University of Leicester members can access the Lancet via ScienceDirect.

MetaBase: database of biological databases

I read somewhere of Ecoliwiki, a wiki about E. coli (not a surprise), and this led me to MetaBase, a user contributed list of biological databases. The initial data comes from the database issue of Nucleic Acids Research, and there are conditions of use (see http://biodatabase.org/index.php/Help:About#Database_Description)

You can search it, or browse it by category. I searched for "human genome", and found no page matches, but got links through to title matches. Some of the links to those titles appear to be faulty, and need another click to get to the correct resource. Once you have the details of a resource, though, you get a database description, a link to the database itself, and contact details if they are known.

Ecoliwiki's details are here. There is also a guide to using MetaBase.

Friday, September 12, 2008

Protocol for handling research misconduct

The BMJ also carries a news item on this - a draft protocol from the UK Research Integrity Office - UKRIO offers advice to universities and research organisations on research conduct. The document (downloadable from the link above) contains the P-word (plagiarism, not peanuts!), without going into detail about what it is, just including it as one of the examples of misconduct.

BMJ news item here.

Coffee creamer used as infant food

Obviously, anything to do with infant feeding is close to my heart at the moment, although I am very much a minor player. So, my eye was caught by a study in the BMJ, looking at a popular brand of coffee creamer available in Laos, and whether it is used as an infant food or not. The creamer logo portrays a baby bear in an apparently breastfeeding position.

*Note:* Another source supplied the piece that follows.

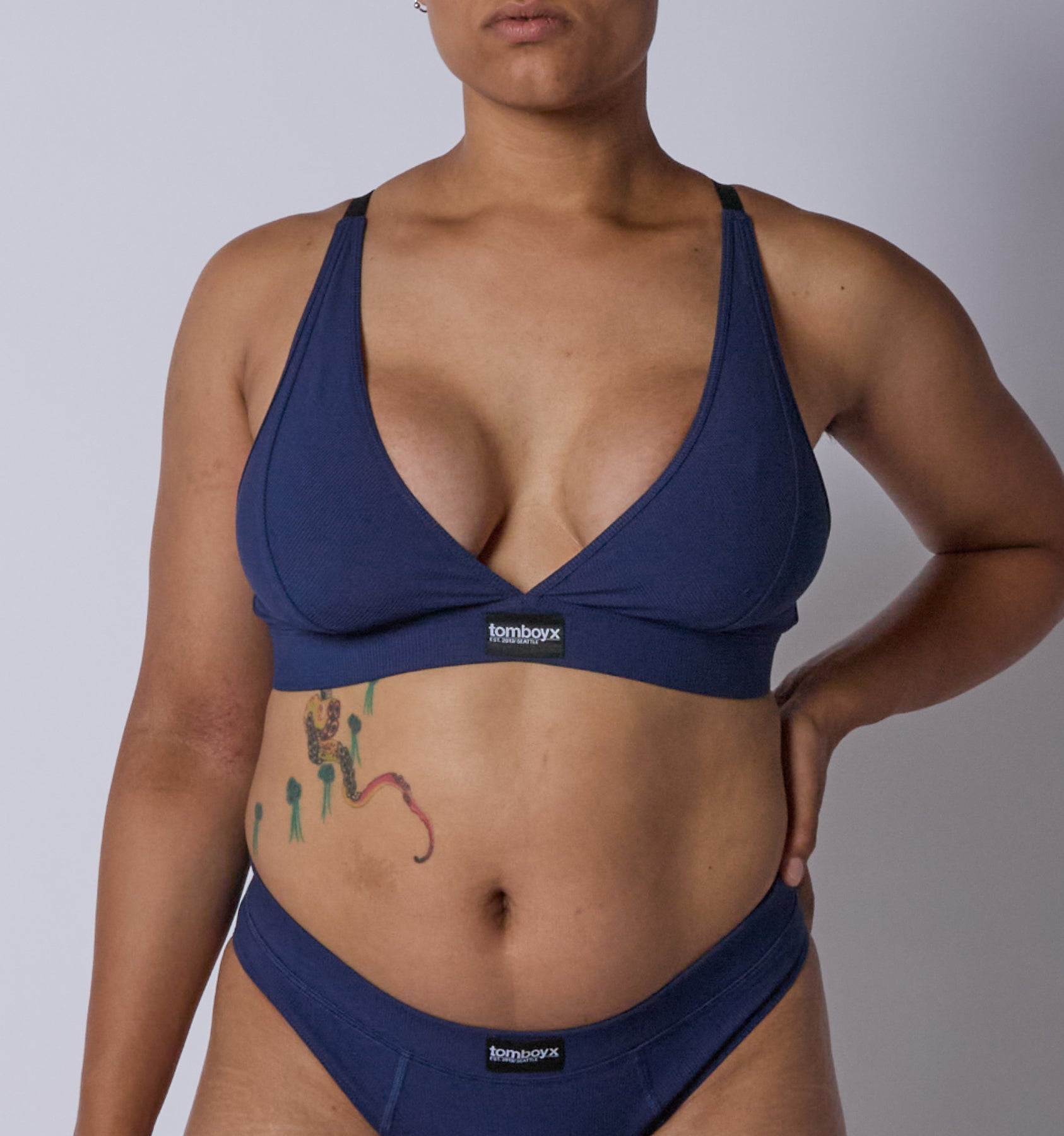 Model:Vera-Camille is 5'9" and wearing a size Medium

Most of the paediatricians surveyed said that they were aware of parents who had used the creamer as infant milk, and most of the adults surveyed said they thought it contained milk (which I assume it does not, although I could be wrong). The creamer does have a warning on the can about not using it to feed babies , which 80% of people surveyed had not read.

Read the article here.

Which prompts me to check - is there still a boycott of a well known food manufacturer because of its policies on promoting (real) baby milk? Yes, there is.

Saturday, September 06, 2008

NIH takes down two open access genetic databases

My eye was caught by a report in Biotechniques news that the NIH had removed access to two genetic databases following research that indicated that you could extract an individual's data from a set of pooled data.

I had not been able to work out exactly which databases - see below for something I have just read that might shed light.

**Later note** - this story is discussed in Science, whose report suggests that it is not whole databases that have been pulled, but some data from within particular databases. Some data has been pulled by the NIH from dbGAP, and from a cancer genetics database called CGEMS (http://cgems.cancer.gov/, which is currently displaying a news item saying that some data is temporarily unavailable for public posting). The Wellcome Trust has pulled data too - the Science report does not give details.

The story is also reported in the LA Times, Peter Suber's Open Access News, and (mentioned by Suber) Nature News. The research itself is in PLoS Genetics.